### EXERCISE REQUIREMENTS
Every line of the listing below is to be repeated exactly; the pictures stay out.
• • • • •
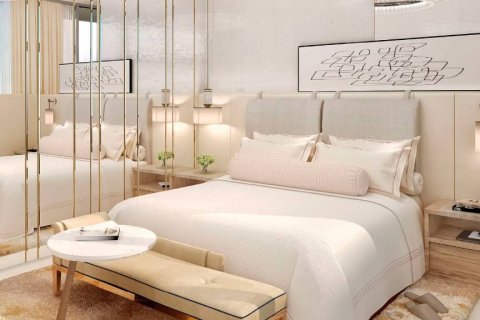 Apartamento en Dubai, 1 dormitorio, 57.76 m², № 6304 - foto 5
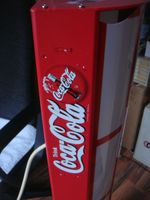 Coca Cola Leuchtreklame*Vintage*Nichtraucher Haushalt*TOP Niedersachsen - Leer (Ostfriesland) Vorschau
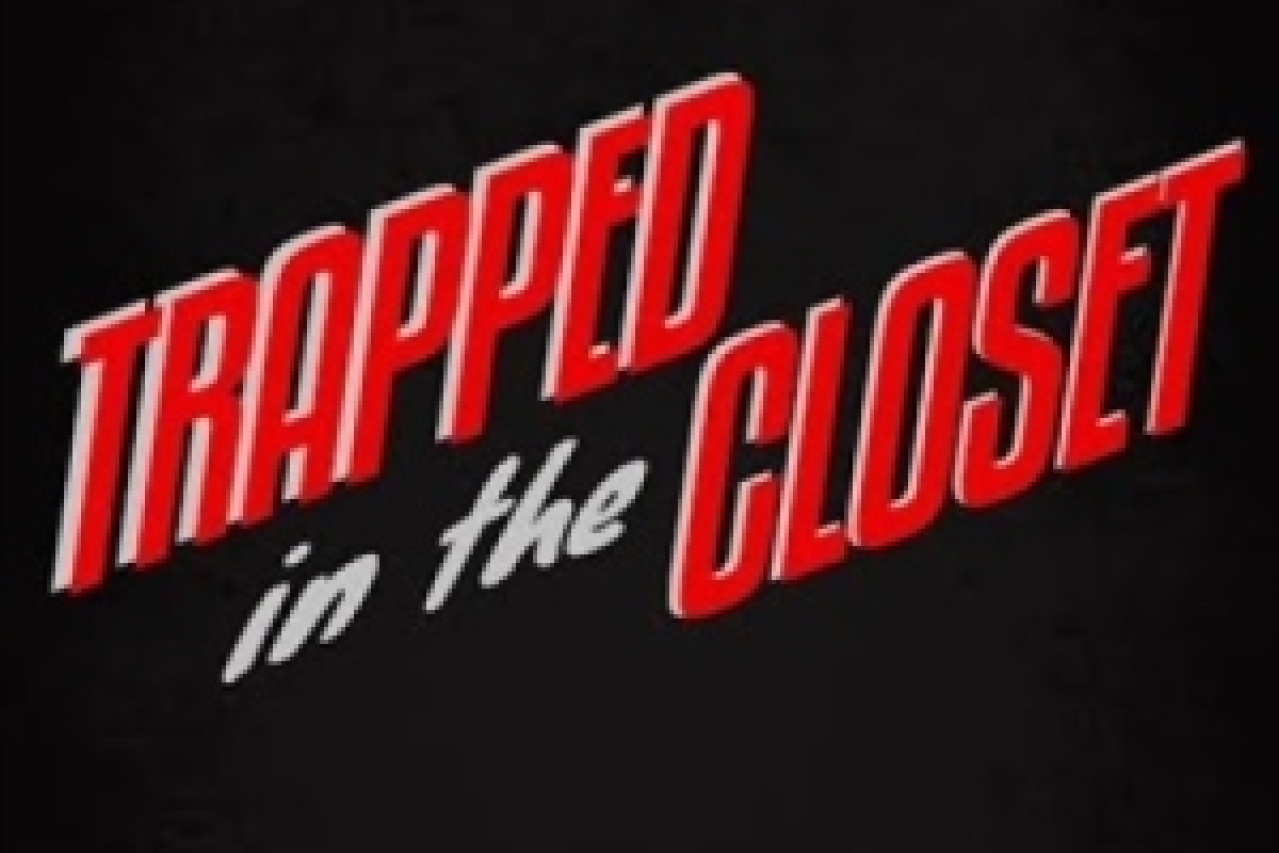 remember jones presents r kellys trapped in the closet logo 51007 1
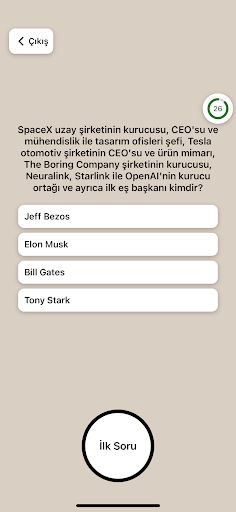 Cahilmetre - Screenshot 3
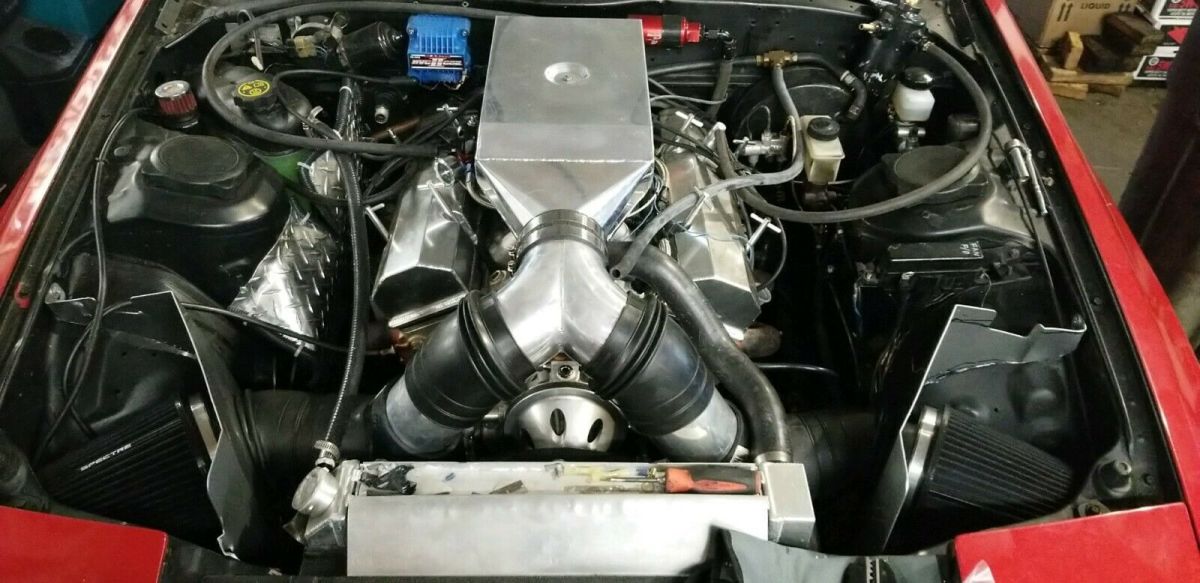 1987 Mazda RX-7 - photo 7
• • • • •
### WRITTEN SOLUTION
 Apartamento en Dubai, 1 dormitorio, 57.76 m², № 6304 - foto 5
 Coca Cola Leuchtreklame*Vintage*Nichtraucher Haushalt*TOP Niedersachsen - Leer (Ostfriesland) Vorschau
 remember jones presents r kellys trapped in the closet logo 51007 1
 Cahilmetre - Screenshot 3
 1987 Mazda RX-7 - photo 7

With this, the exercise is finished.